Mathapelo Ngaka, one of the original founders of Monkeybiz, helped create the organization to empower women to become financially independent through the ancient tradition of African beadwork. It quickly achieved its goals of recognizing and developing “the artistic ability of people who have never had the opportunity to express themselves through art,” says the organization, as well as “taking the love and knowledge that is passed down, over centuries, from mother to child and becoming a bridge from traditional beadworks into contemporary artworks.”
Originally, this type of beadwork was created to communicate messages and worn mainly on clothing or as one-dimensional jewelry. The artists of Monkeybiz put a modern twist on this traditional craft by beading on non traditional surfaces, including three-dimensional objects such as animals and human forms. Locally sourced wire is first used as a frame, the artist hand sculpting it into the desired form. The frame is then stuffed with recycled cotton filler and the item comes to life with colorful beads applied with needle and thread.

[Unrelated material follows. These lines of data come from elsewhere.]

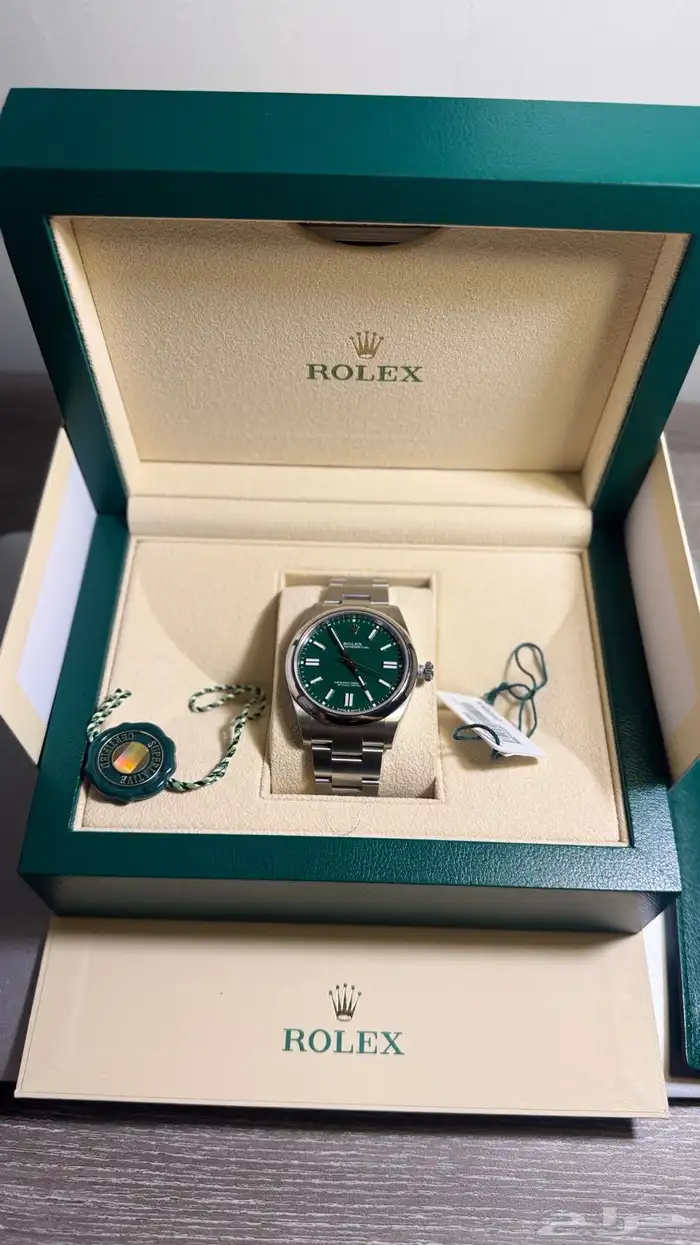 Rolex oyster perpetual green dial 41mm 0
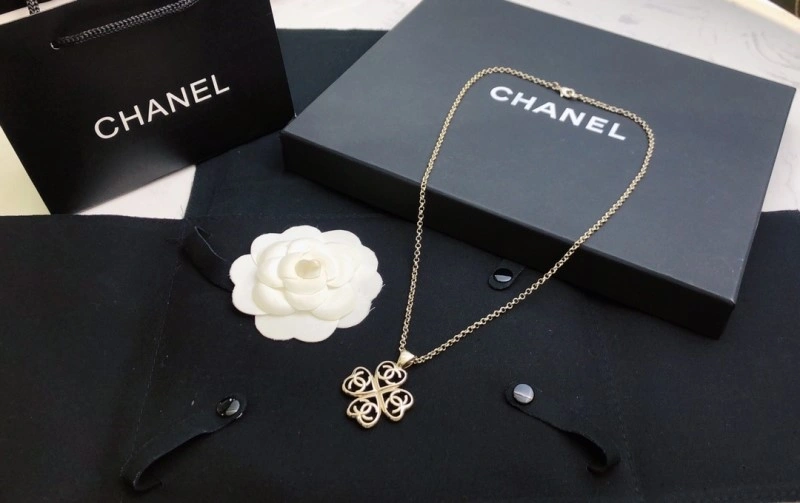 Compact Chanel Necklaces 218946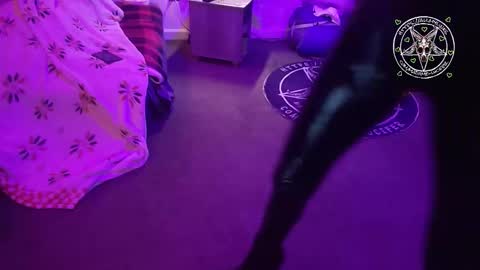 Snapshot of madame_lucifer chatting on February 2026 05:36:01 AM Madame Lucifer online show from February 2026 05:36:01 AM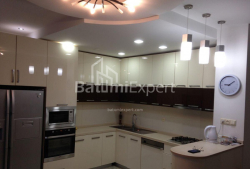Mənzil 6-комн 152 m² - Zuraba Qorqiladze, Batumi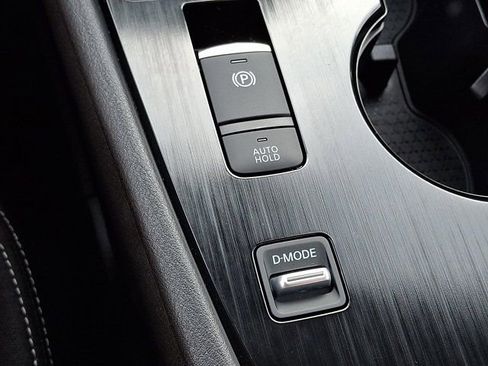 Used 2024 Nissan Rogue SV FWD image 28
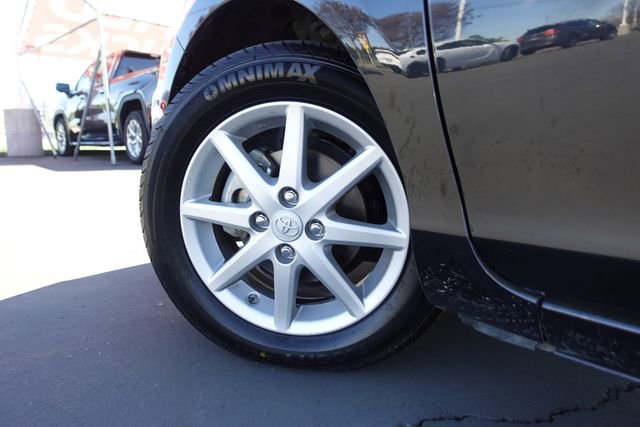 Certified 2016 Toyota Prius C Three image 11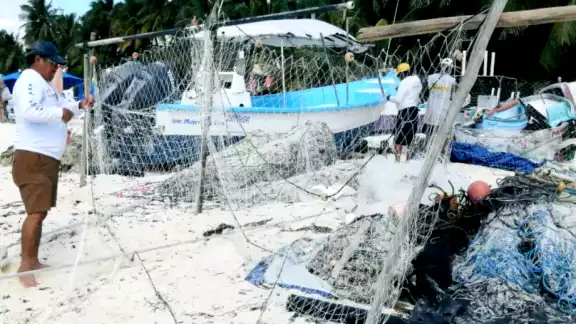 A pesar de la competencia, mantiene viva esta técnica que se ha transmitido de generación en generación, ofreciendo artes de pesca de calidad para locales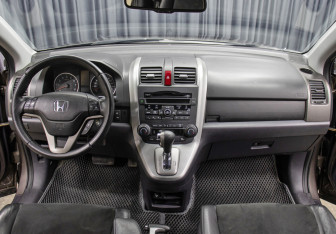 Подержанный автомобиль Honda CR-V 2012 года (12 фото)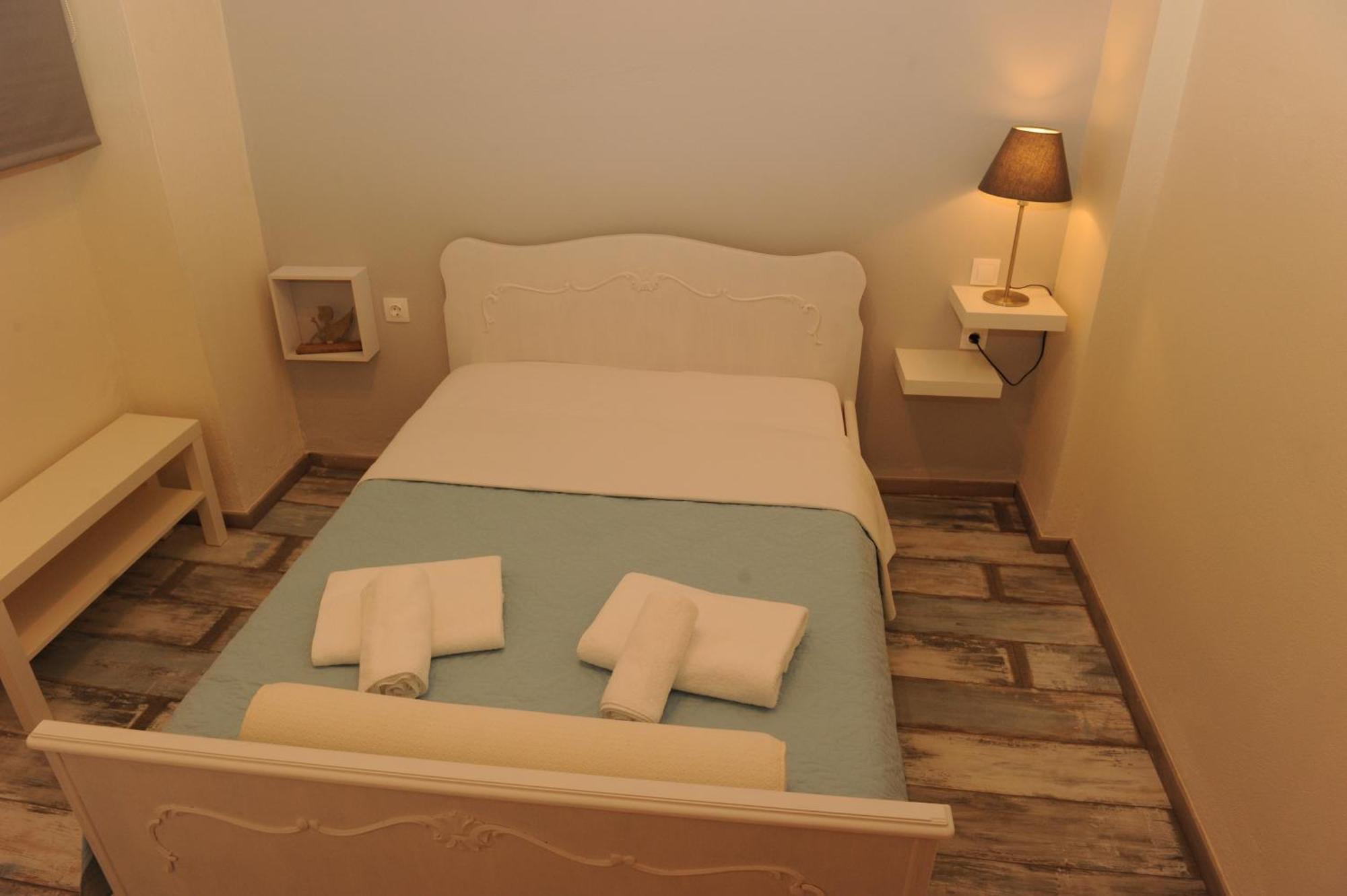 Delphic Moments - Sunny App 3Br, 2Ba With View Exterior foto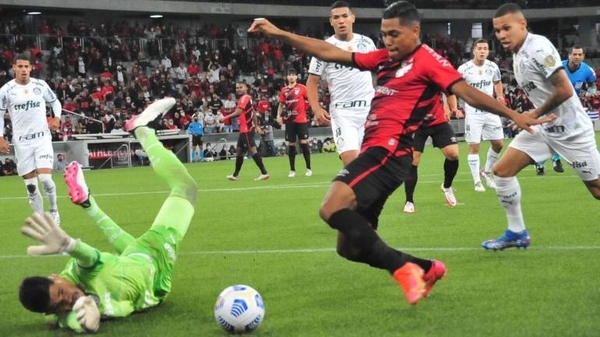 Diario HOY | Palmeiras y Paranaense comienzan la disputa por un título inédito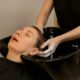 Donna si addormenta mentre fa lo shampoo dal parrucchiere in un salone moderno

Every piece created is signed by the artist, allowing people to collect works by their favorite artists, as well as creating a sense of pride for its creator.
Monkeybiz has collaborated with American artists, the Haas brothers, resulting in representation in both a book and an exhibition at the Cooper Hewitt Smithsonian Design Museum in New York, but, they say, the organization’s “crowning achievement is that Monkeybiz may be a small dot on this planet but makes huge footprints on this earth.”